Move over, Tinseltown, because a real thriller is coming to the nation's living rooms later this summer. Actor-turned-senator Fred Thompson, stung by low TV ratings and a bored news media, is going to put some major zip into the campaign finance hearings when they start up again in September.
"We'll have more thrills than 'Men In Black' and 'Air Force One,'" vowed the feisty Tennessee senator after the first round of hearings ended Thursday to decidedly mixed reviews. "Nailing those wily Asian money men and exposing their conspiracy to take over American elections is going to be non-stop action from now on."
The new strategy, according to a top secret PR plan we've obtained, was previewed two weeks ago to a focus group who watched the hearings when a CIA agent testified from behind a hidden screen. Based on the test audience's positive reaction, Thompson will premiere the fall series with a riveting "mystery witness" who is shrouded in a black hood to keep his identity secret from a band of rumored Chinese government killers-for-hire. He will tell a shocking tale of receiving millions of dollars in a satchel from a Chinese embassy official and using the money to entertain Democratic congressional candidates at wild parties stocked with Asian call girls. The witness is actually a "composite character" played by an actor, dramatizing allegations contained in raw FBI files, Internet discussion groups and Wall Street Journal editorials. The actor? None other than Thompson's hunky co-star in "Die Hard 2," Bruce Willis!
That's just the beginning. Guest interrogators drawn from TV's top cop shows, like tough-guy "NYPD" cop Andy Sipowicz (Dennis Franz) and bullet-headed Frank Pembleton (Andre Braugher) from "Homicide" will apply their well-honed questioning skills to pry confessions from evasive Clinton supporters. Sparks are really going to fly when Franz leaps over the hearing table, grabs ex-White House adviser Harold Ickes by the shirt collar and calls him a "scum bucket" for not telling more about those White House coffee klatches.

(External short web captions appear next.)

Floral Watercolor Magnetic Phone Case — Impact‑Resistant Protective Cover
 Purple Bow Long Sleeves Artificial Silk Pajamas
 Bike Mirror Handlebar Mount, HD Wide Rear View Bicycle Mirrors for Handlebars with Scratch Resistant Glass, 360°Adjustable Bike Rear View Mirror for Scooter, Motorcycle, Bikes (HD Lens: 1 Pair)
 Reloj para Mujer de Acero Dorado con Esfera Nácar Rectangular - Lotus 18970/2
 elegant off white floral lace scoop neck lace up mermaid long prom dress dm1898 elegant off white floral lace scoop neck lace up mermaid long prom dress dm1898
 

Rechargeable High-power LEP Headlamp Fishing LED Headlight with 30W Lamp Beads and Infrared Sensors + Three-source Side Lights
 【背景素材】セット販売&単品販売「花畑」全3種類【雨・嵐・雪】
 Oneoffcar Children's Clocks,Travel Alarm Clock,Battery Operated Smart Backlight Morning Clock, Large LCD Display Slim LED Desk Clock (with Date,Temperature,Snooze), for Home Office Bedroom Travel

And who better to bring on board as director than Oliver Stone. The "JFK" maven's straight-to-video movie of the hearings will feature dramatic reenactments of such key scenes as fund-raiser John Huang (played by action star Jackie Chan) handing over money in the White House -- and later escaping the clutches of federal investigators by doing back-flips through a plate-glass window in his lawyer's office.
As for the "love" interest (wink, wink), Thompson will bring on sultry sex kittens who've been involved in the steamy scandal. Just as the Iran-contra hearings had the willowy blond Fawn Hall, so will the campaign finance hearings be spiced up with gorgeous Congressional aides -- and the bachelor senator's latest girlfriend -- in close proximity to CNN's camera. Democratic Party contributor Pamela Anderson Lee will be called to testify.
More erotic fireworks will be unleashed when Thompson grills fat-cat contributors about what really happened behind closed doors in the Lincoln Bedroom. "Taxpayer funds were used to pay for your sexcapades," Thompson will fume while cross-examining Barbra Streisand and her flame, James Brolin. Adding color, as well as a sense of exotic mystery, Asian fund-raisers John Huang and Charlie Trie will appear before the committee wearing colorful native garb designed by the Academy Award-winning designers of "The Age of Innocence."
Aware that campaign finance sounds like so much "inside the Beltway" stuff, Thompson has handed location shooting to Stone. The committee travels to Area 51 in Nevada, where the Air Force reportedly keeps seized UFOs and alien bodies. "Just as the government covers up the real truth about UFOs," Thompson will tell a huge TV audience (including cosmonauts on the Mir space station), "so too is the White House covering up another alien invasion -- tainted foreign money entering our political system."
Thompson's gruff exterior won't exclude his tender side, as he gently interviews 11-year-old Sally Ma, whose daddy gave all his money to John Huang in the hopes of obtaining a lucrative Commerce Department contract. When the contract was given to an even bigger donor, her father lost his job, and they now are forced to live in their cramped Infiniti.
Viewers will enjoy lighter moments, especially when Thompson brings on a sure-fire crowd-pleaser: midget Republican lawyers asking tough questions in squeaky voices of former DNC chairman Dan Fowler. "The next hearings will have mystery, excitement, tears and laughs -- everything the American public wants," Thompson told one insider. "I'm sure they'll be watching in droves."